La puerta se abrió y un hombre de mediana edad avanzó desde el pasillo, aunque no pasó del umbral. Estaba casi calvo, aunque conservaba algo de pelo alrededor de las orejas. Aquello, unido a una nariz ancha y unas orejas algo salidas lo hacían un personaje difícil de olvidar.
—Os ruego de nuevo que me disculpéis, Excelencia —repitió, inclinándose ligeramente ante el elfo. Si se había sorprendido al verlos en pie, totalmente vestidos y con las armas preparadas a aquella hora de la mañana, no dijo nada.
—Por todas las estrellas, Iashed, habla y di qué es eso tan urgente —exclamó el elfo, perdiendo la paciencia.

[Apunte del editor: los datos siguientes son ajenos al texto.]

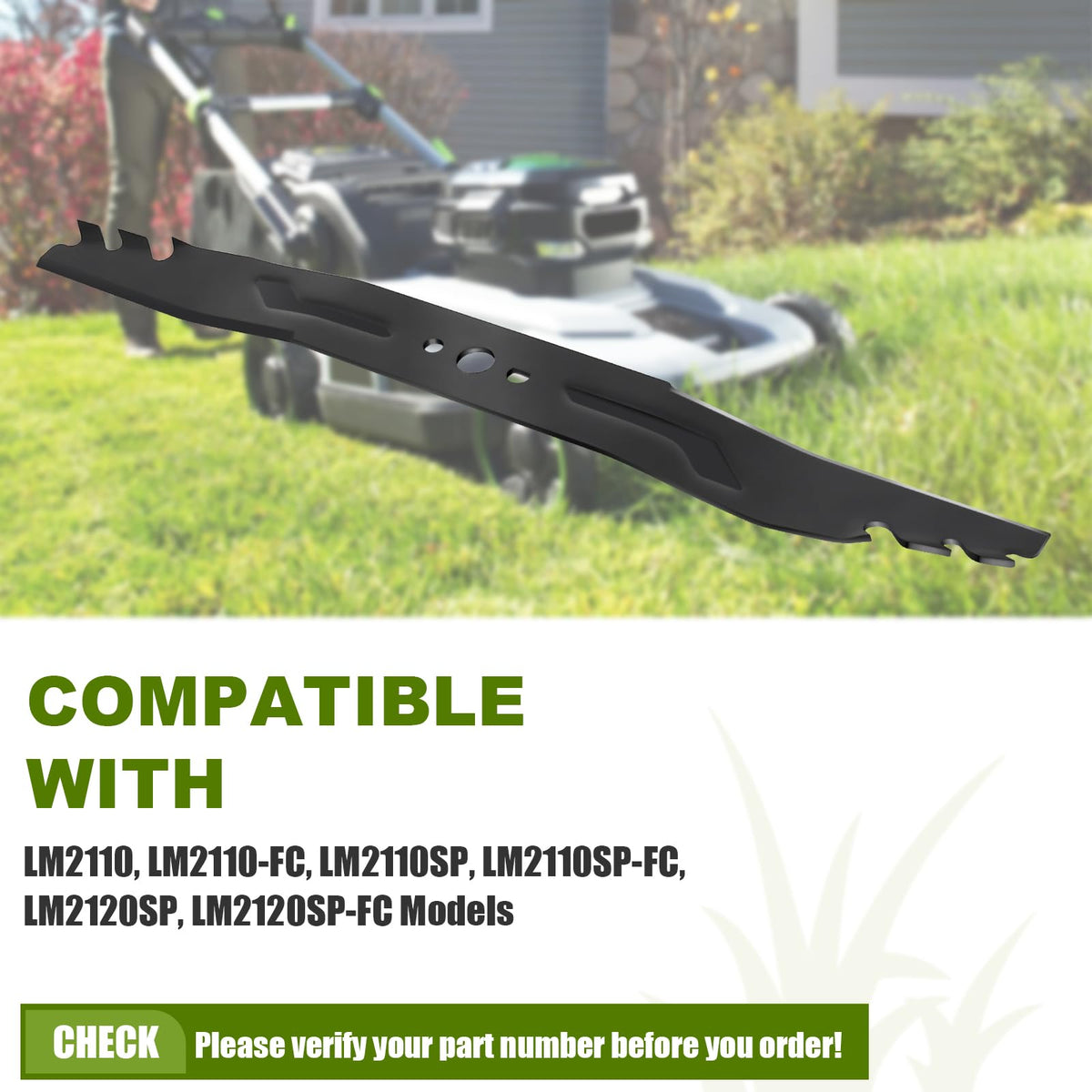 Hedday AB2102 blade on a mower demonstrates clean mulching for healthier turf.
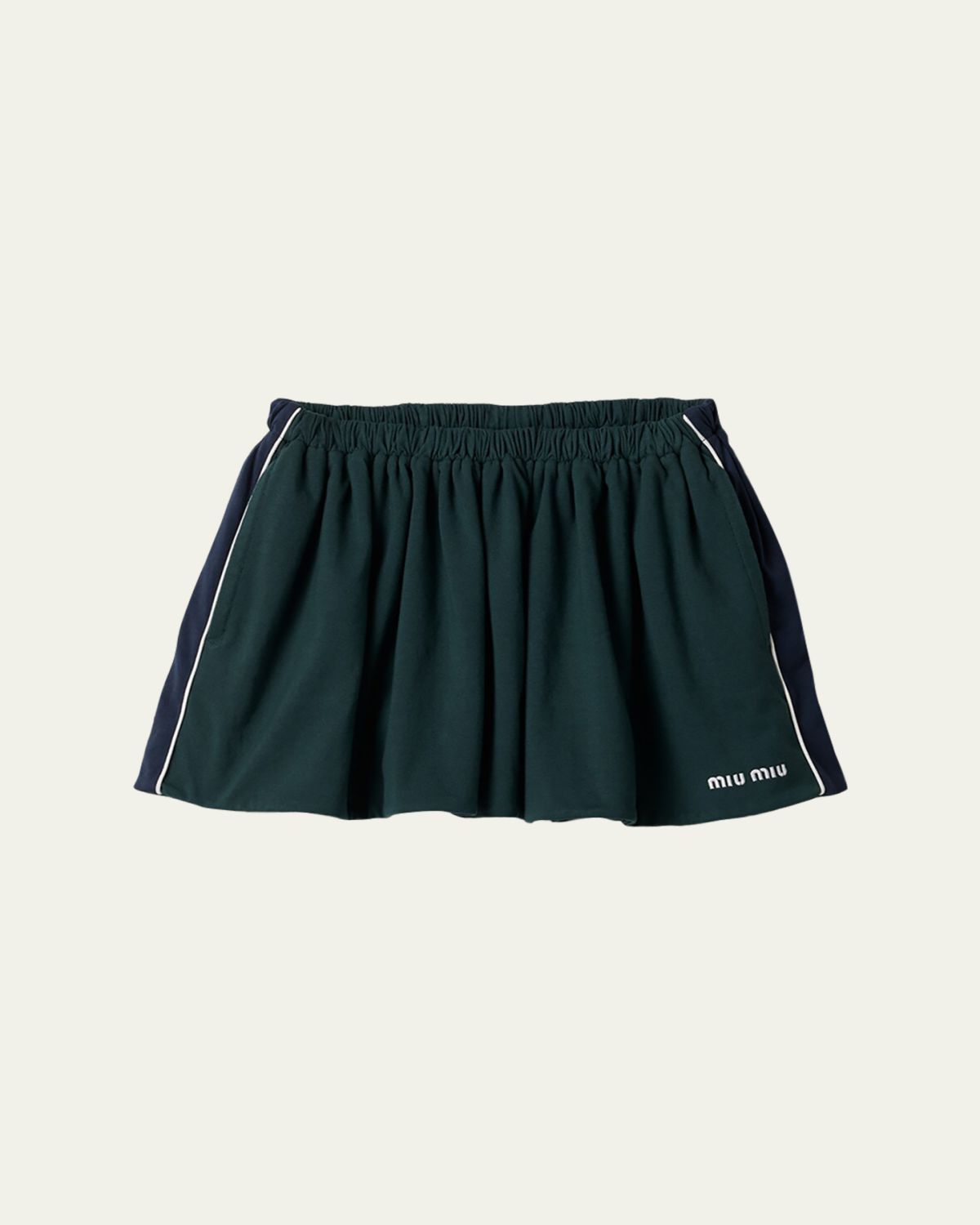 Miu Miu Cotton Jersey Mini kirt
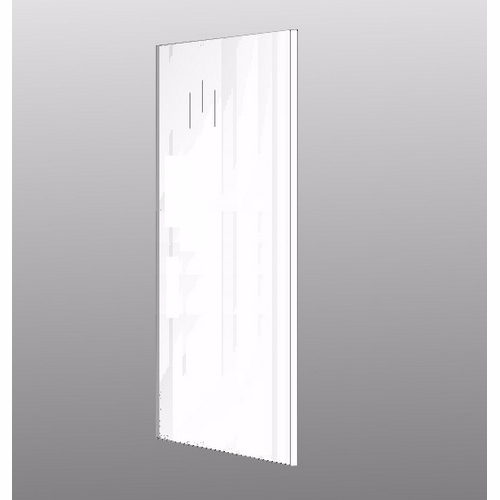 Multi-living Hvid Eg Melamin Integrerbar Skabsgavl 195 2x58cm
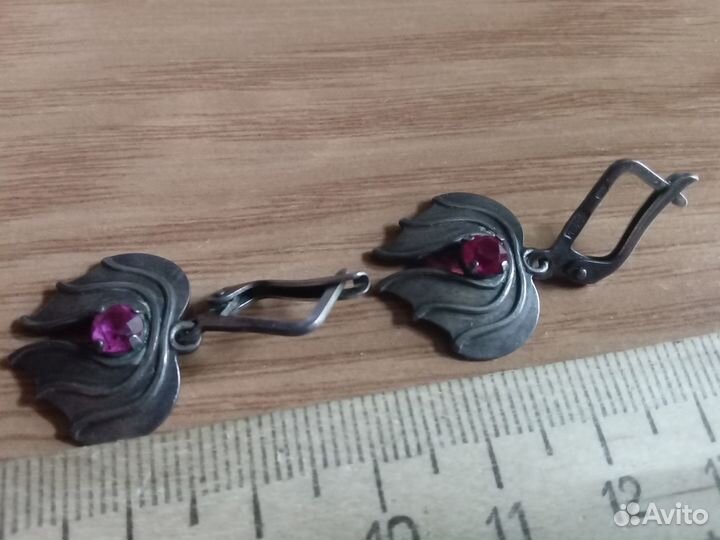 Шкатулочка украшения кольца серьги серебро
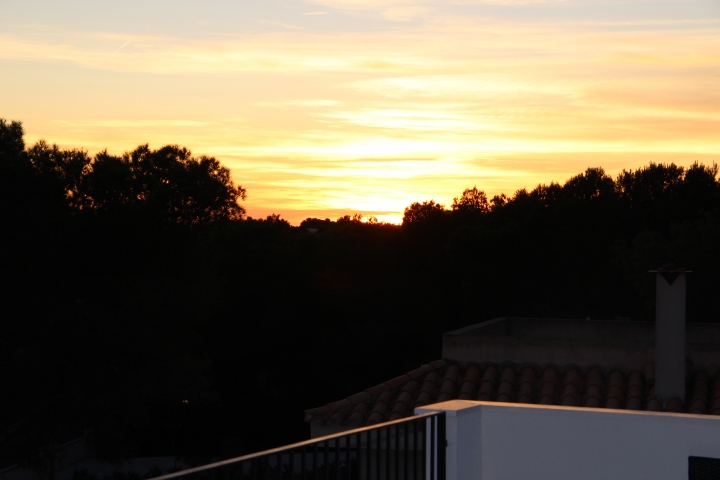 Sonnenuntergang von der oberen Terrasse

—Sí, Excelencia —el hombre se retorcía las manos, nervioso—. Acabo de saber que unos extranjeros han entrado en la ciudad. Al parecer uno de ellos es un Hermano de la Revelación. Están buscando a una joven de cabellos negros que viaja con una niña pequeña —al decir esto su mirada se desvió un instante hacia Dasha, pero rápidamente volvió a dirigirse al elfo—. Mi humilde posada tiene mucha fama, Excelencia, y es muy posible que pregunten aquí.
—Gracias, Iashed —el elfo miró a Dasha con el semblante serio—. Tus servicios son valiosos, como siempre. No queremos causarte problemas, nos vamos de inmediato.
—Es un honor ser de ayuda a vuestra Excelencia —dijo el hombre con otra reverencia—. Haré que preparen todo para…
La conversación se vio interrumpida por unos ruidos que venían del salón, en la planta de abajo. Un hombre estaba llamando a gritos al posadero. También se oía, más aguda, una voz de mujer.
—¡Es mi hija! —el hombre vaciló, sin atreverse a abandonar al elfo sin su permiso. Éste asintió ligeramente.
—Ve, Iashed. Nosotros mismos nos ocuparemos de los caballos. —El posadero corrió escaleras abajo a averiguar qué estaba sucediendo—. ¿Me acompañas?—dijo, dirigiéndose ahora a Dasha. Como la mujer dudaba, añadió: —Ishmel está segura en su habitación; ayúdame con los caballos y os podréis marchar antes.
Dasha terminó de ajustarse una hebilla y miró hacia la puerta, que el posadero había dejado abierta.
—Está bien, vamos —miró al elfo—. Cuanto antes terminemos, antes nos iremos.